The concept is fairly straightforward. Two cameras mounted above a large window-sized display combine with an AI system to track the wearer’s eye positions, dynamically adjusting the display’s content to match the viewer’s movement. Demonstration videos show the Unreal Engine-powered system displaying photorealistic beach, jungle, forest, and field landscapes that — at scale — could make a viewer think they’re seeing any of the actual sites outside their home or office window.
If you’ve ever seen Nintendo’s New 3DS, which uses a simpler head tracking system to display glasses-free 3D, imagine the same effect at a much larger size, and with far higher resolution.
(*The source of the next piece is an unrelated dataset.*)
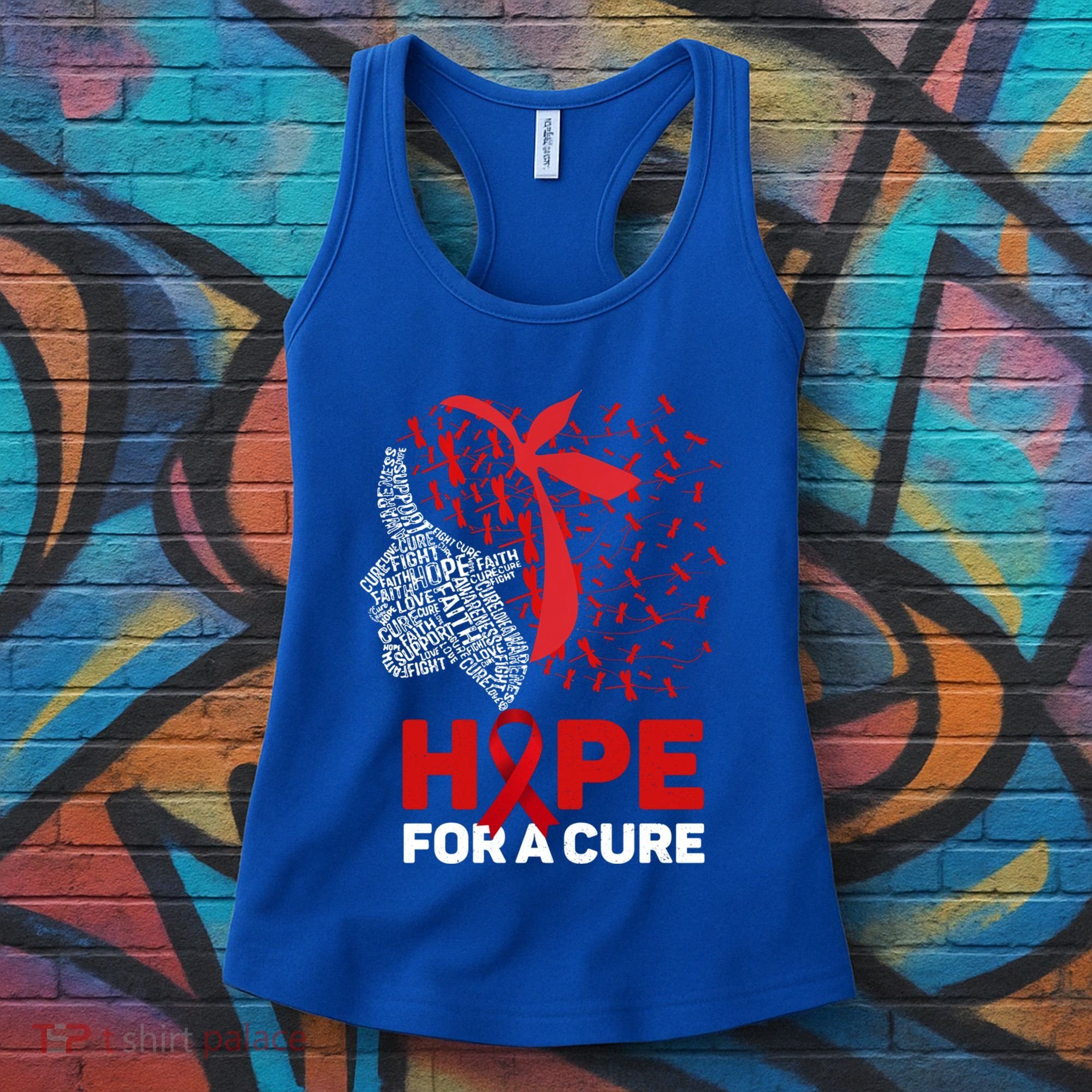 Hope For A Cure Red Ribbon National Hiv Awareness Month Gift Women's Tank Top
Roomality suggests the system’s next steps will expand to full-wall scale, providing the illusion of a balcony that could be explored, then to full-room scale, creating “total immersiveness” the user could navigate just by looking anywhere in the room.
While the company uses Star Trek: The Next Generation’s Holodeck as a reference point, like other startups have, that comparison is not entirely apt. Roomality’s system appears to be fully usable in 3D for only a single person at a time — at least, on any given wall — and there’s no physical simulation of 3D objects. But it might conceivably allow a person to walk into a room and peer out multiple “windows” that are actually just AI-backed 3D displays, simulating views of distant places.
Roomality doesn’t yet have a release date or price for its displays, but the company is exploring prospective uses in architecture, including windowless accommodations, as well as virtual tourism, gaming, and set creation for the film industry. In addition to Unreal Engine, the company is using Quixel Megascans for 3D assets, ensuring a wide range of artificial and real-world environments will be compatible with its system whenever it’s ready to launch.